# MoJ AP tools demo

This notebook demonstrates the use of some of the Python tools developed by data engineers to make creating analytical pipelines simpler for data scientists and analysts.

It focuses on taking a large dataset which is too big for memory, converting it to another format while applying metadata to ensure consistent data types, and creating a database with tables from files or dataframes.

First import the necessary libraries. [pydbtools](https://github.com/moj-analytical-services/pydbtools), [arrow_pd_parser](https://github.com/moj-analytical-services/mojap-arrow-pd-parser) and [mojap_metadata](https://github.com/moj-analytical-services/mojap-metadata) are libraries created and maintained by the Data Modelling and Engineering Team.

In [None]:
import pydbtools as pydb
from arrow_pd_parser import reader, writer
from mojap_metadata import Metadata
import pandas as pd
import awswrangler as wr
import itertools

pd.options.display.max_columns = None

Create a new database, cleaning up any tables and data beforehand in case it already exists.

In [None]:
db = "dmet_example"

pydb.delete_database_and_data(db)
pydb.create_database(db)

We have a dataset that consists of a number of very large csv files. How can we load this without running out of memory and crashing our session?

In [None]:
big_path = "s3://alpha-everyone/s3_data_packer_test/land/big/"

# Don't run this!
# df = wr.s3.read_csv(big_path)

`arrow_pd_parser` has the ability to read files in chunks, returning an iterator of dataframes. Specify a number of lines to load with chunksize to preview the table.

In [None]:
df = next(reader.read(big_path, file_format="csv", chunksize=10, index_col=0))
df

Checking the data types we can see that `date_time` is a string but we would like it to be a timestamp.

In [None]:
df.dtypes

Create metadata to fix this using `mojap_metadata.Metadata`. Note that `arrow` rather than `pandas` types are used, and these will be enforced across formats.

In [None]:
metadata = Metadata.from_dict(
    {
        "name": "big_table",
        "columns": [
            { "name": n, "type": t }
            for n, t in [
                ("name", "string"),
                ("email", "string"),
                ("address", "string"),
                ("city", "string"),
                ("state", "string"),
                ("date_time", "timestamp(ms)"),
                ("price", "int64")
            ]
        ]
    }
)
metadata.columns

Now try previewing the data again with metadata enforced.

In [None]:
df = next(reader.read(
    big_path, 
    file_format="csv", 
    chunksize=10,
    index_col=0, 
    metadata=metadata
))
df

Note that `date_time` is now an object of `datetime.datetime` type as the `pandas` date/time types have too narrow a range.

In [None]:
df.dtypes

For the sake of this demo take a small slice, the first 5 chunks, of an iterator reading the whole data set.

In [None]:
r = itertools.islice(
    reader.read(
        big_path, 
        file_format="csv", 
        chunksize="100MB", 
        index_col=0, 
        metadata=metadata
    ),
    5
)

We can then convert between formats, in this case to parquet, while preserving the metadata.

In [None]:
new_path = "s3://alpha-everyone/dmet_st/big_table.parquet"
wr.s3.delete_objects(new_path)
writer.write(r, new_path, metadata=metadata)

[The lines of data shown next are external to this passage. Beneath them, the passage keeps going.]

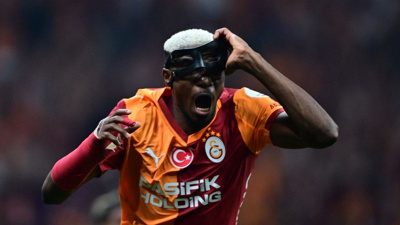 Osimhen maç biter bitmez canlı yayın açtı: Fenerbahçelileri çıldırttı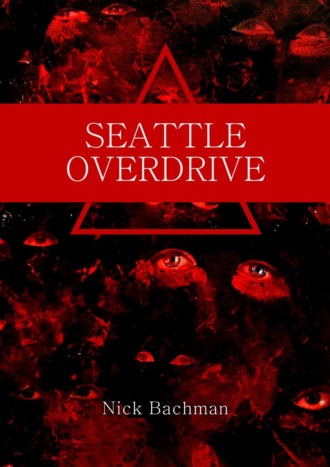 Nick Bachman, Seattle Overdrive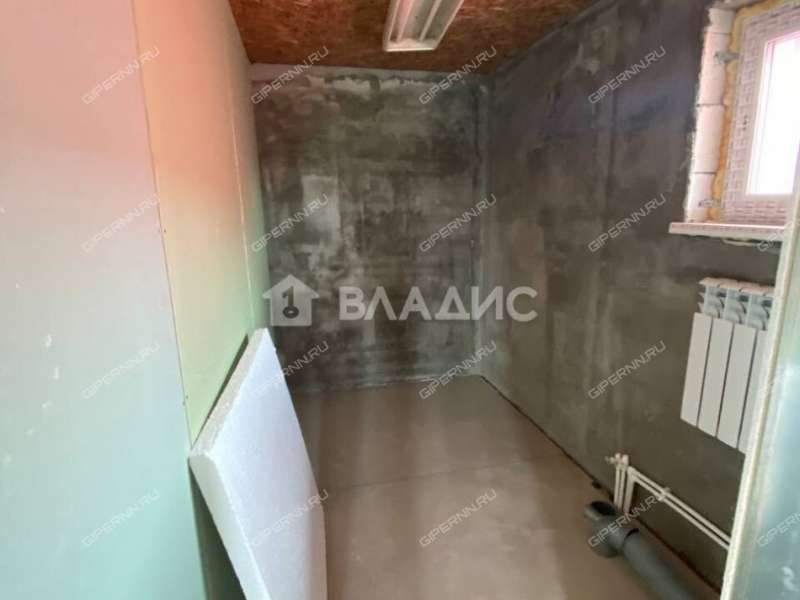 дом на Пригородной улице город Кстово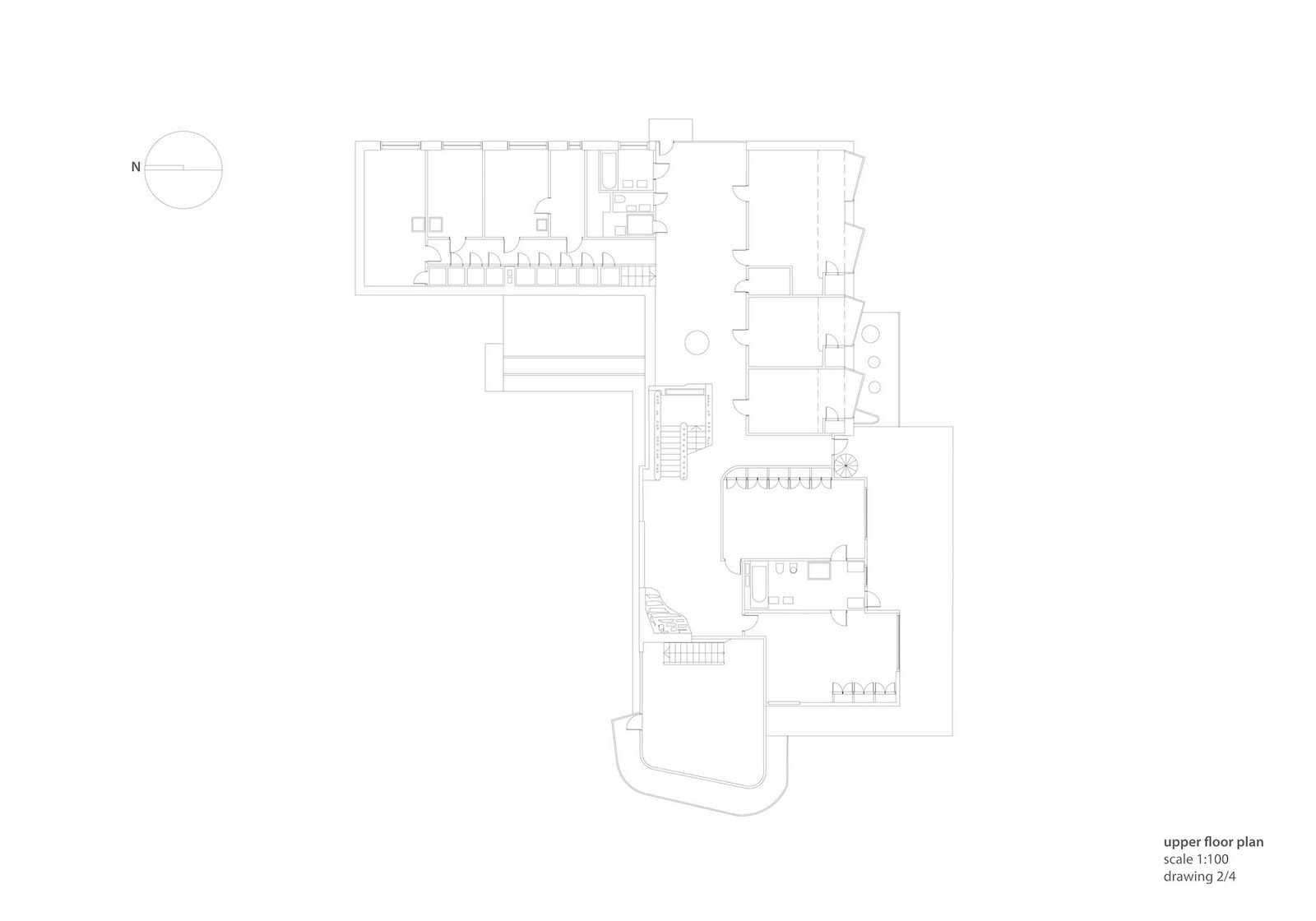 ARCH1201 Plini RoesslerHolgate project one // villa mairea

Big datasets in S3 can be used to create a queryable table.

In [None]:
pydb.file_to_table(
    new_path,
    database=db,
    table="big_table",
    location="s3://alpha-everyone/dmet_st/dmet_example/big_table",
    chunksize="100MB",
    metadata=metadata
)
pydb.read_sql_query(f"select * from {db}.big_table limit 5")

Create a new table in the database from an SQL statement.

In [None]:
pydb.delete_table_and_data(database=db, table="state_revenues")

pydb.create_table(
    f"""
    select state, sum(price) as revenue
    from {db}.big_table
    group by state
    """,
    database=db,
    table="state_revenues",
    location="s3://alpha-everyone/dmet_st/dmet_example/state_revenues"
)

sr = pydb.read_sql_query(f"select * from {db}.state_revenues")
sr

What if we want to do some manipulation with pandas?

In [None]:
starts_with_n = sr[sr["state"].str.startswith("N")]
starts_with_n

We can then create another table in the database from the manipulated dataframe. This allows us to create a hybrid pipeline of SQL and pandas operations.

In [None]:
pydb.dataframe_to_table(
    starts_with_n,
    database=db,
    table="starts_with_n",
    location="s3://alpha-everyone/dmet_st/dmet_example/starts_with_n"
)

pydb.read_sql_query(f"select * from {db}.starts_with_n")